At its 17 December monetary policy meeting, the Czech National Bank (CNB) decided to leave the two-week repo rate unchanged at 0.05% for the 17th consecutive meeting. The Central Bank also reiterated its commitment to intervening in the foreign exchange market in order to keep the Czech koruna at around CZK 27.0 per EUR. The floor for the exchange rate was set in November 2013.

According to the Bank, in the third quarter, the economy grew slightly less than forecast in annual terms. In line with the forecasts, all components of domestic demand contributed positively to growth. In contrast, the external sector made a slight negative contribution as a result of increasing imports. The ongoing improvement of the domestic economy continues to have a positive effect on the labor market. In fact, total employment is growing faster than expected.
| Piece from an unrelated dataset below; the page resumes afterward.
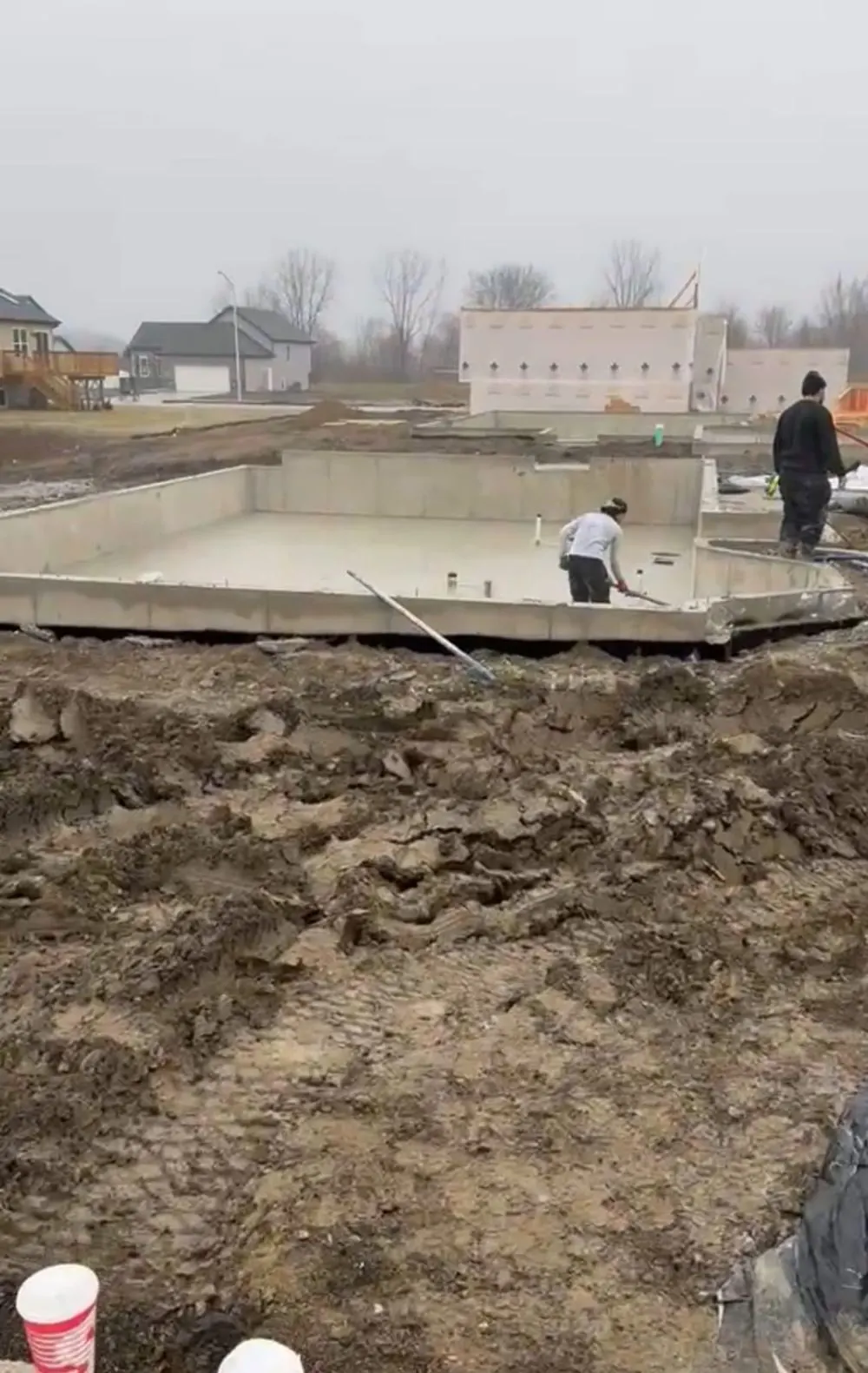 Basement slab construction project
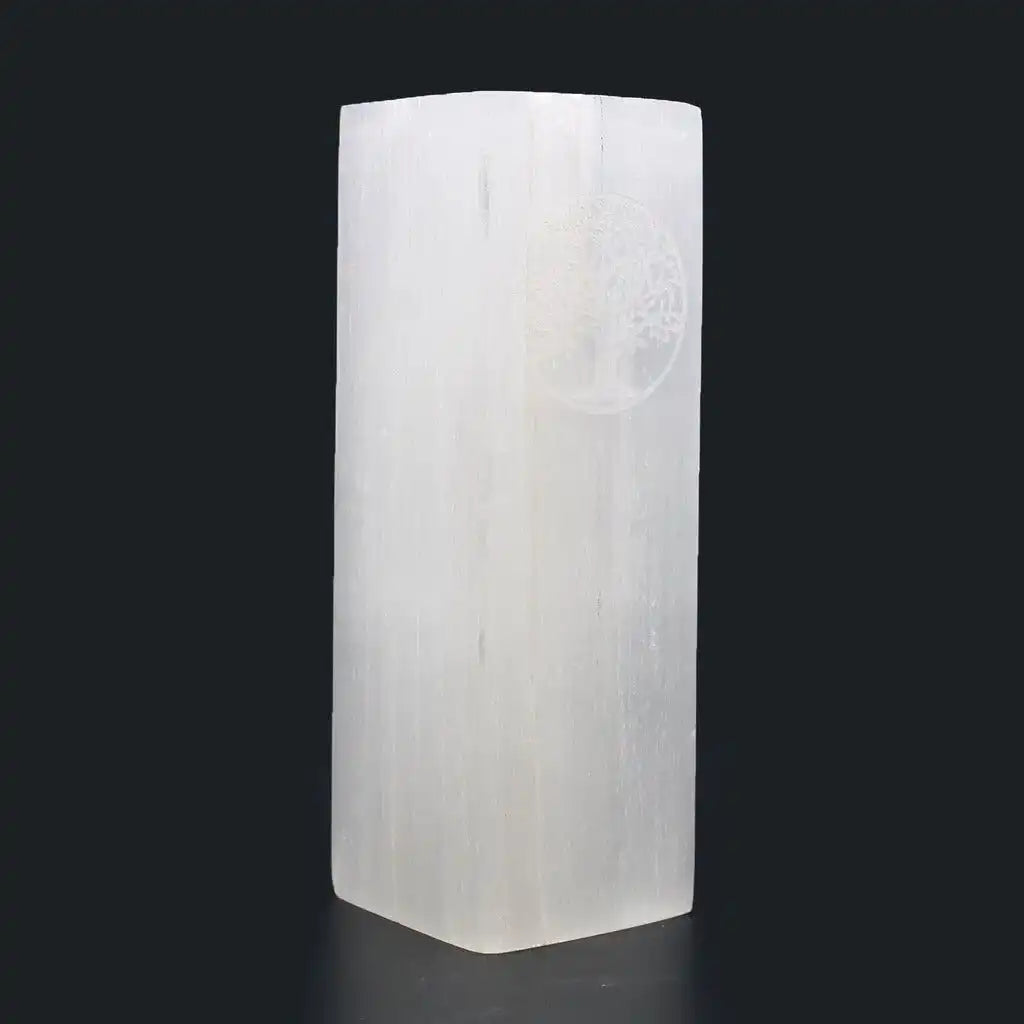 Emmy Jane Natural Selenite Stone Block Lamp - Tree of Life or Chakra - Fairly Traded Home & Garden > Lighting > Lamps > Natural Selenite Lamps emmy-jane-boutique.myshopify.com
CNB added that, “next year the economy is forecasted to record the same growth rate as this year.”

Regarding price developments, the CNB pointed out that although the recent sharp drop in oil prices should be seen as a positive supply shock for economic growth, “its short-term downward effects on prices do not come at an appropriate time from the perspective of inflation expectations.” Looking ahead, growth in consumer prices is expected to accelerate next year and return to the Bank’s 2.0% target at the beginning of 2016.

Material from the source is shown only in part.